Las operaciones de búsqueda y rescate continuan desde que una inundación repentina a primera hora de ayer miércoles arrasó varios distritos situados al norte, oeste y suroeste de Katmandú, la capital del país asiático, entre ellos Rasuwa, Nuwakot, Dhading, Chitwan, Gorkha, Tanahun y Nawalpur.
Desde la Junta Nacional de Turismo de Nepal informaron que la mayoría de los desaparecidos se encontraba en las inmediaciones de Kailash Mansarovar, un monte de la cordillera del Himalaya ubicado en el Tíbet, territorio controlado por China, que es considerado sagrado por hindúes, budistas y otras confesiones religiosas, y donde esta semana está prevista la celebración de un festival.
La Autoridad Nacional de Gestión y Reducción del Riesgo de Desastres de Nepal (NDRRMA, por sus siglas en inglés), informó que, hasta el jueves, se han recuperado 359 cuerpos de las zonas afectadas por las inundaciones y que están procediendo a las labores de identificación.
Decenas de miles de turistas recorren cada año esta ruta y la afluencia era especialmente elevada por las celebraciones religiosas y la luna llena, considerada auspiciosa por muchos peregrinos.
Entre los 910 desaparecidos reportados hay más de 288 ciudadanos de India, 100 de China, 65 de Estados Unidos, 53 de Ucrania, 35 australianos, 33 británicos y 24 canadienses, según los últimos balances oficiales.

Las autoridades aseguran que, entre los extranjeros de los que no tienen noticias, hay ciudadanos de al menos 28 países, aunque advierten de que las cifras continúan actualizándose.
El ejército nepalí, entre tanto, señaló que ha rescatado a 144 personas mediante el uso de helicópteros en distintas zonas del país.
El ejército nepalí ha desplegado 2.000 efectivos para operaciones de búsqueda y rescate por tierra y aire en las zonas afectadas por las inundaciones.
Imágenes llegadas del lugar de la catástrofe muestran a personas huyendo de las aguas, que arrasaban casas y puentes. En otras, se observa cómo una ola de lodo y fango cubre un puesto de control en el lado chino de la frontera.

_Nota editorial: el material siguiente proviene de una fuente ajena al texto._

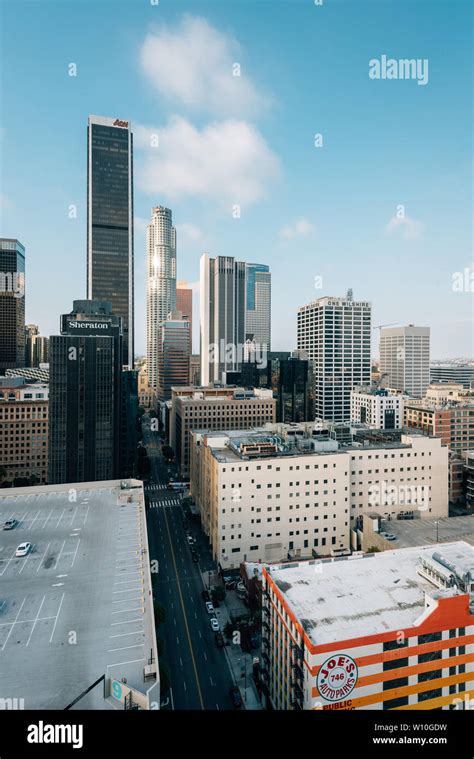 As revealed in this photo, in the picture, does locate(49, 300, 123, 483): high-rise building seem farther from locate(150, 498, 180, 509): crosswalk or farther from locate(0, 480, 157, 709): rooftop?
locate(0, 480, 157, 709): rooftop

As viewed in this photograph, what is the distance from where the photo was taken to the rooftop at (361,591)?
66.4 feet

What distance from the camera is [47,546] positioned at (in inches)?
1232

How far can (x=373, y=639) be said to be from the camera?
1902 cm

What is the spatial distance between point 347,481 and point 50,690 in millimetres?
34257

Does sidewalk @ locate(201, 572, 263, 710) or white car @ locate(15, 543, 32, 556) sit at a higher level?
white car @ locate(15, 543, 32, 556)

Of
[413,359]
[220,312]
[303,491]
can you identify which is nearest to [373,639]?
[303,491]

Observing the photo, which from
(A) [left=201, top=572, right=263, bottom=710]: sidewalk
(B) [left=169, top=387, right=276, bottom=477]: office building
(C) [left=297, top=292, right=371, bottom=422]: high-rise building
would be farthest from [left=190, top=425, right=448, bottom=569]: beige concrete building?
(C) [left=297, top=292, right=371, bottom=422]: high-rise building

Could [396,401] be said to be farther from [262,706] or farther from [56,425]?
[262,706]

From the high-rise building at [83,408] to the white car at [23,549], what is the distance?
33.2m

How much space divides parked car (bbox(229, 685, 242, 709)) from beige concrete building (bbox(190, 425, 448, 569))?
15.6 metres

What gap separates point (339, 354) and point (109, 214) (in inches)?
3603

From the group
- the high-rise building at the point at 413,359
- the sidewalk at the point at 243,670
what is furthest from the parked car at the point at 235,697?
the high-rise building at the point at 413,359

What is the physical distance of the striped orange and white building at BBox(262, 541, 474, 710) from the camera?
18.9 metres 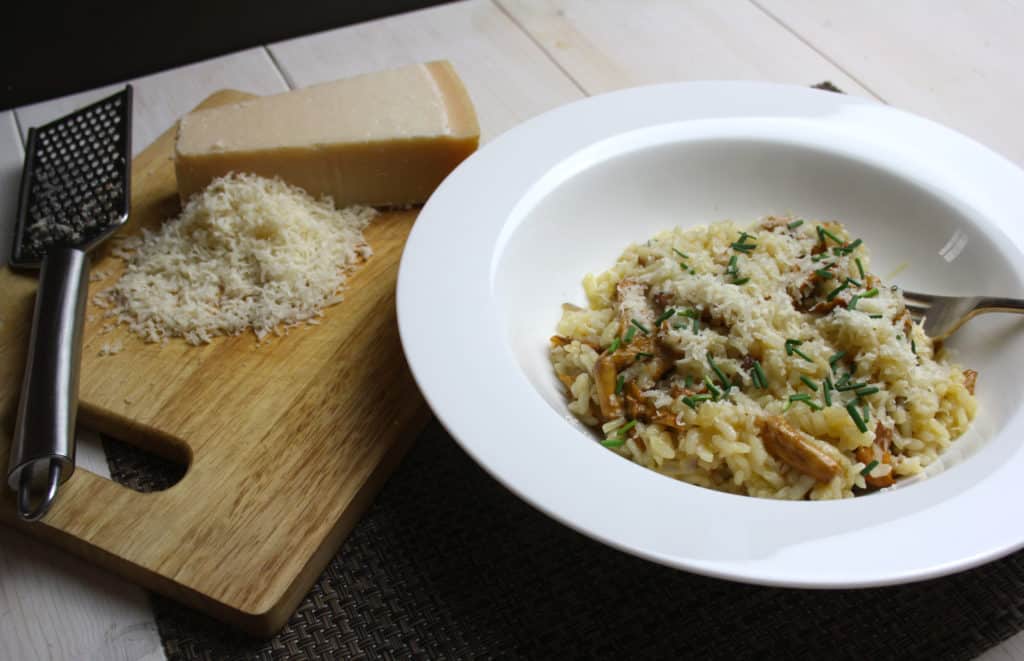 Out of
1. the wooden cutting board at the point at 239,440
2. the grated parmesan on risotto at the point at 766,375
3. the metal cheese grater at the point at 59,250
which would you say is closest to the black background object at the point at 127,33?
the metal cheese grater at the point at 59,250

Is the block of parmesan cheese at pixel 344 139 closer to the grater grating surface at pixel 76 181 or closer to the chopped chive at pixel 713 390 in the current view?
the grater grating surface at pixel 76 181

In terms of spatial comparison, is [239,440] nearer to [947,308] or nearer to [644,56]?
[947,308]

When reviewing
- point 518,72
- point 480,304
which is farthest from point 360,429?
point 518,72

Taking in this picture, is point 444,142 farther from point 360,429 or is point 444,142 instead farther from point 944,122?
point 944,122

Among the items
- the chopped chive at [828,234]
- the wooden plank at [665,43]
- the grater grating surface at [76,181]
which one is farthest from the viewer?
the wooden plank at [665,43]

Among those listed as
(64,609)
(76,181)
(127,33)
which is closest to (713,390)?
(64,609)

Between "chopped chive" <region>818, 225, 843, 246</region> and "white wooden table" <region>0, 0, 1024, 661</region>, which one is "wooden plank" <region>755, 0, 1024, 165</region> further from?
"chopped chive" <region>818, 225, 843, 246</region> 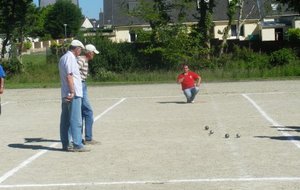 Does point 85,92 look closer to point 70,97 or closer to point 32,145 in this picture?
point 70,97

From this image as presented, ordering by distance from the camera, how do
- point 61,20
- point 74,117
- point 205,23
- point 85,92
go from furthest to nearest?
1. point 61,20
2. point 205,23
3. point 85,92
4. point 74,117

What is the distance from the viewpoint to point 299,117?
51.5ft

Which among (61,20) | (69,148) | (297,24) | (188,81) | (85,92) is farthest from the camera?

Las autoridades no solo ignoran el paradero de cientos de peregrinos y turistas extranjeros, sino también el de unos 60 empleados del proyecto hidroeléctrico Langtang Khola, que está en construcción, según reportaron los medios estatales nepalíes. Parte de estos empleados fueron rescatados con vida.
El norteño distrito de Rasuwa alberga varios proyectos hidroeléctricos que buscan aprovechar la fuerza de sus caudalosos ríos para producir energía eléctrica.
También permanecen desaparecidos más de 80 integrantes de fuerzas de seguridad de Nepal, entre militares y policías, según la oficina del primer ministro.